Like many radicals, Derfel was not always well received by his countrymen. His bookshop in Manchester failed, and in the last decades of the century he wrote less poetry and less in Welsh, though he still contributed articles to the Welsh press, often using the pen-name ‘Socialist Cymraeg’.
The significance and value of R. J. Derfel’s poetry arises mainly from its content: he stands to a great extent outside the mainstream of Welsh poetry of his age, though his influence can be seen in the work of later poets like T. E. Nicholas, and radicalism would become a far more obvious aspect of Welsh poetry in the twentieth century. Derfel’s verse could justly be criticised for a lack of subtlety and the vast majority of his poetry takes the form of rhyming couplets, which can become repetitive, though one senses that he was making a deliberate attempt to appeal to ordinary, uneducated readers with catchy and appealing songs and poems. At his best, his poetry is witty, direct and powerful.
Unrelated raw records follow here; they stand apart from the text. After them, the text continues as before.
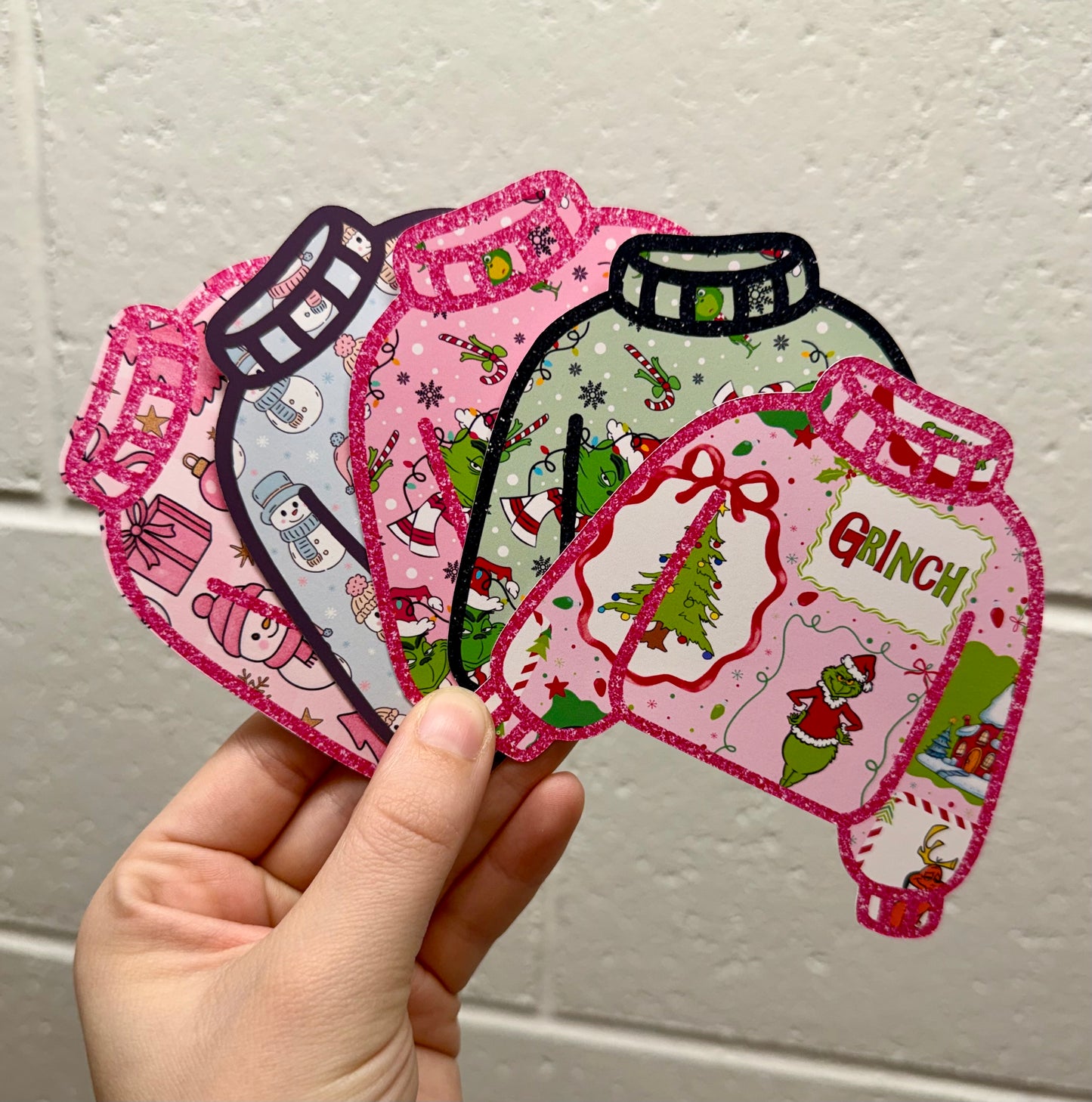 Cardstock For Plain Sweater Mold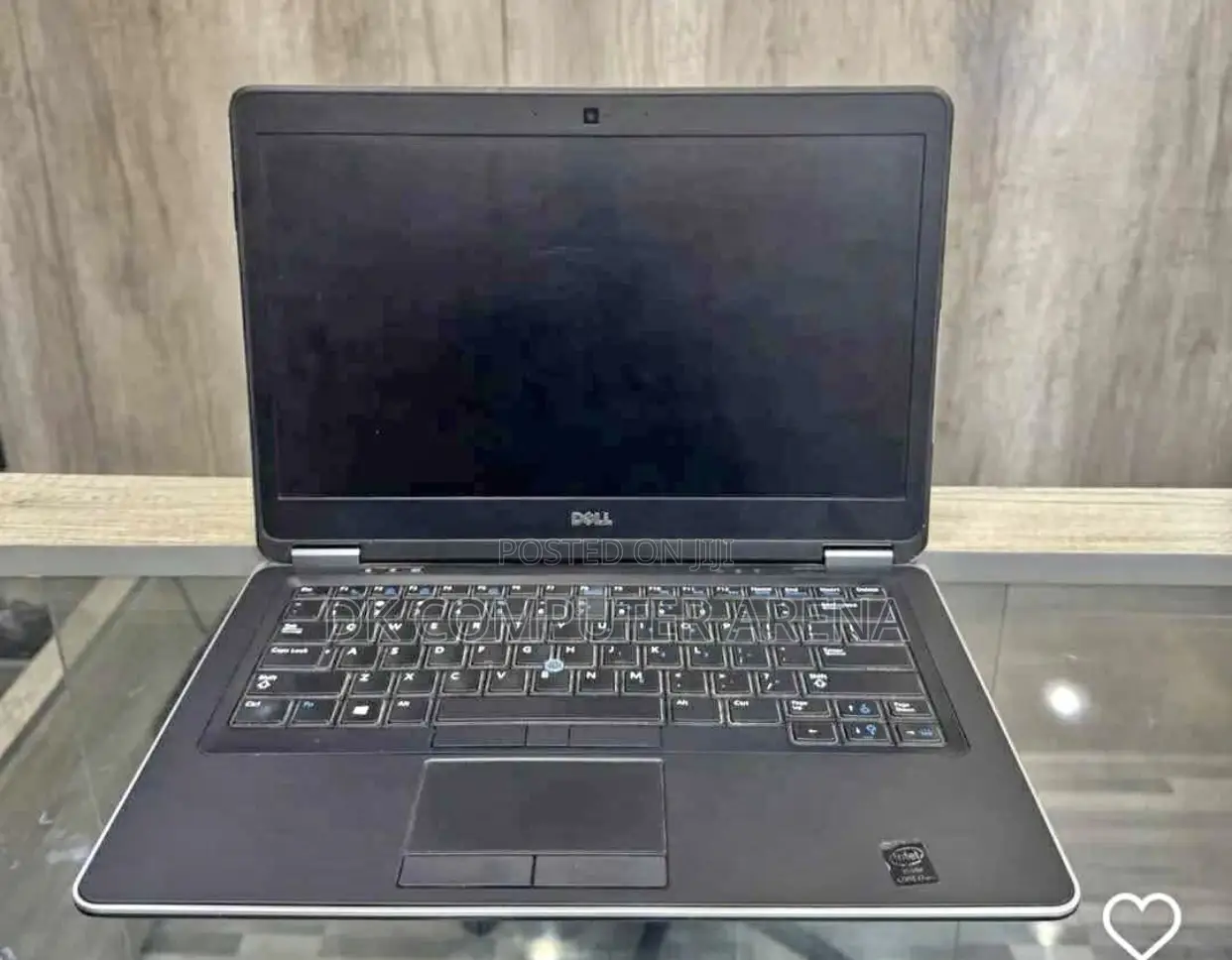 Laptop Dell Latitude 14 E7470 4GB Intel Core I5 SSD 256GB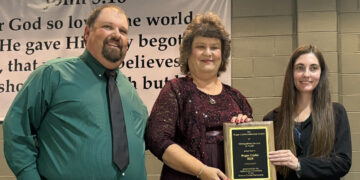 Roger Carter Memorial Award Introduced , Presented Posthumously In His Memory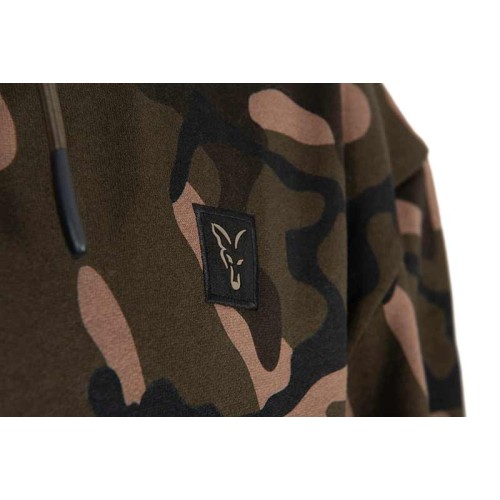 FOX LW CAMO PULLOVER HOODY  NEW-6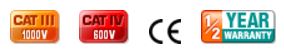 CAT III  CATIV CE Half year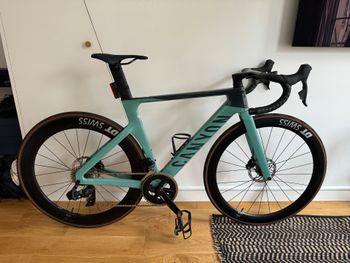 Canyon - Aeroad CF SLX 7 eTap 2023, 2023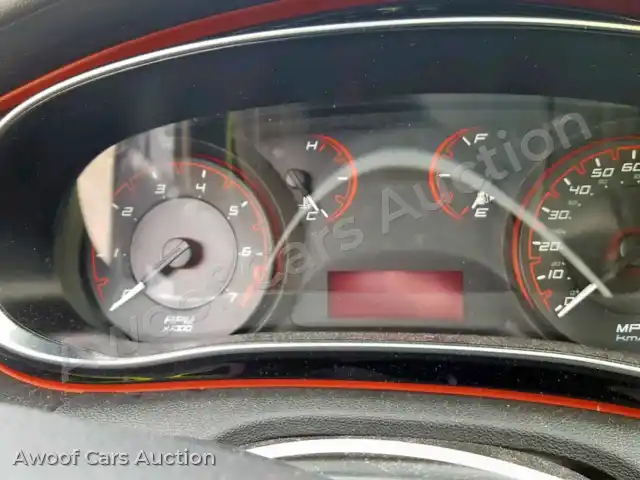 2015 Dodge Dart 1C3CDFBB3FD116267 — Copart auction photo 8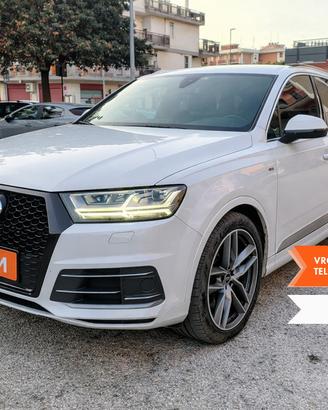 AUDI Q7 2� serie Q7 3.0 TDI 272 CV quattro tipt...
R. J. Derfel is an exceptionally interesting character, and in our new publication of a volume of his poetry – the first book of the author’s poetry to be published since the nineteenth century – we have included an introduction by D. Ben Rees, author of Cyd-ddyheu a’i Cododd Hi: Hanes y Blaid Lafur yng Nghymru (a history of the Labour Party in Wales).
A version of this article originally appeared in Welsh on www.melinbapur.cymru
R. J. Derfel’s Cwyn y Gweithwyr a Cherddi Eraill – The Workers’ Complaint and Other Poems – is available now from www.melinbapur.cymru priced at £7.99+P&P. Also newly published this week is a new edition of T. Rowland Hughes’s classic novel O Law i Law, priced at £10.99.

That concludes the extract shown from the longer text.